Berdasarkan pada beberapa penelitian terdahulu mengenai kebijakan pemerintah Indonesia dalam menangani tindak pidana penyelundupan manusia yang diantaranya: “Politik Hukum Pemerintah (Direktorat Jenderal Imigrasi) Dalam Menanggulangi Masalah Penyelundupan Manusia” yang ditulis oleh Sam Fernando menyimpulkan bahwa “kejahatan transnasional” terwujud jika kejahatan tersebut melibatkan lebih dari satu negara, adanya suatu persiapan, pengarahan, pembuatan rencana dan pengawasan yang dilakukan oleh negara lain, adanya keterlibatan organized criminal, dan juga jika kejahatan tersebut berdampak negatif bagi negara. Selanjutnya, penelitian dengan judul “Pertanggungjawaban Pidana Terhadap Pelaku Tindak Pidana Penyelundupan Manusia (People Smuggling)” oleh I Dewa Agung Gede Mahardhika Martha yang menyimpulkan bahwa UU Keimigrasian tidak membedakan derajat kesalahan pelaku dengan perannya. Dan yang terakhir merupakan penelitian dengan judul “Kebijakan Kriminal Dalam Penanggulangan Penyelundupan Manusia Di Indonesia” oleh Evlyn Martha Julianthy, Dahlan Ali, Mujibussalim menyimpulkan bahwa regulasi dalam penanggulangan penyelundupan manusia masih terdapat banyak kelemahan khususnya dalam kebijakan legislasi. Dalam pasal 120 UU Keimigrasian dianggap masih belum dapat mencakup keseluruhan aspek dalam
penanggulangan penyelundupan manusia dan sudah selayaknya diatur dalam aturan yang khusus.
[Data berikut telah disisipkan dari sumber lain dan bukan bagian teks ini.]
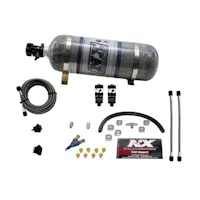 Nitrous Express 20001-12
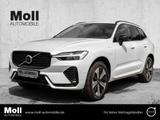 Volvo XC60 Plus Dark Recharge Plug-In Hybrid AWD T6 Tw - Volvo XC60: Weiß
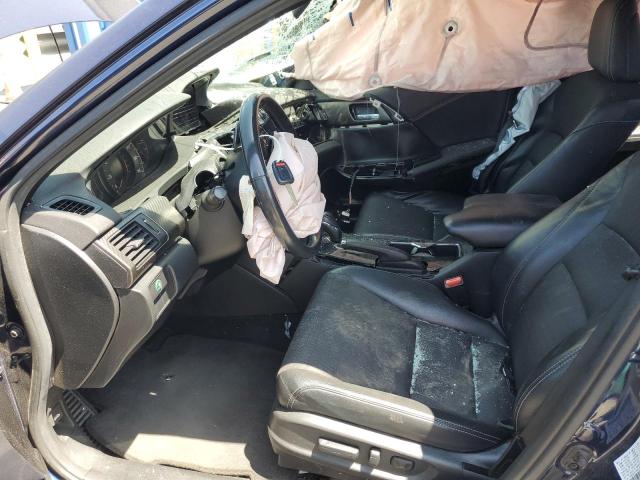 2016 HONDA ACCORD SPO - 1HGCR2F54GA146425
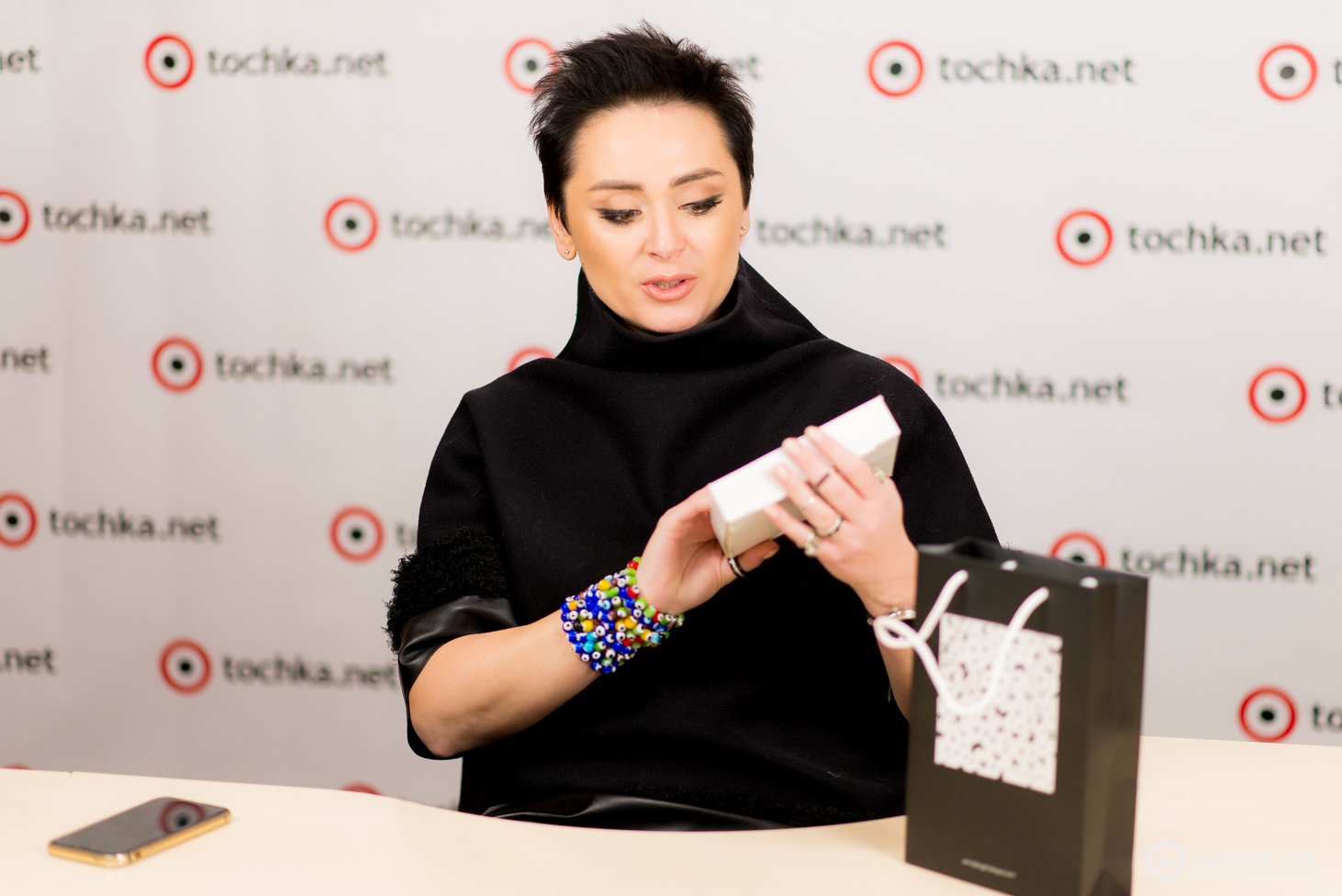 Анна Богинская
Menanggapi hal tersebut, dalam penelitian ini yang berjudul “IMPLEMENTASI KEBIJAKAN PEMERINTAH INDONESIA DALAM MENANGANI TINDAK PIDANA PENYELUNDUPAN MANUSIA (PEOPLE SMUGGLING)” akan adanya penelitian mengenai pengaturan tindak pidana penyelundupan manusia agar terdapat kepastian hukum bagi para pelaku penyelundupan manusia. Disaat ini terdapat beberapa kendala dalam tindak pidana penyelundupan manusia, salah satunya adalah bagaimana pertanggungjawaban pidana para pelaku penyelundupan manusia. Maka dari itu, berdasarkan latar belakang tersebut, muncul lah permasalahan-permasalahan yang akan dipaparkan di dalam penelitian ini.
-
1. Bagaimana kebijakan pemerintah dalam menangani tindak pidana penyelundupan manusia di Indonesia?
-
2. Bagaimanakah bentuk pengaturan yang dicita-citakan (ius constituendum) dalam upaya penanganan tindak pidana penyelundupan manusia di Indonesia?
-
1. Untuk mengetahui bagaimana kebijakan pemerintah dalam menangani tindak pidana penyelundupan manusia di Indonesia.
-
2. Untuk mengetahui bagaimana bentuk pengaturan dalam upaya penanganan tindak pidana penyelundupan manusia di Indonesia pada masa mendatang.
Terdapat 2 jenis penelitian yang dikenal dalam penelitian hukum, yaitu penelitian hukum empiris dan penelitian hukum normatif.1 Pada penelitian ini menggunakan pokok kajian yang mengkonsepkan hukum yang berlaku dalam masyarakat sebagai kaidah atau norma. Hal ini dijadikan acuan sebagai perilaku warga negara. Penelitian ini disebut juga sebagai penelitian hukum normatif.2 Kedudukan norma yang terjadi pada pengaturan tersebut adalah adanya kekaburan norma. Dalam penelitian hukum normatif berbagai data sekunder seperti keputusan pengadilan, teori hukum, peraturan perundang-undangan dan pendapat para sarjana sangat diperlukan.3 Penelitian jenis ini biasa disebut sebagai penelitian hukum doktriner atau penelitian perpustakaan.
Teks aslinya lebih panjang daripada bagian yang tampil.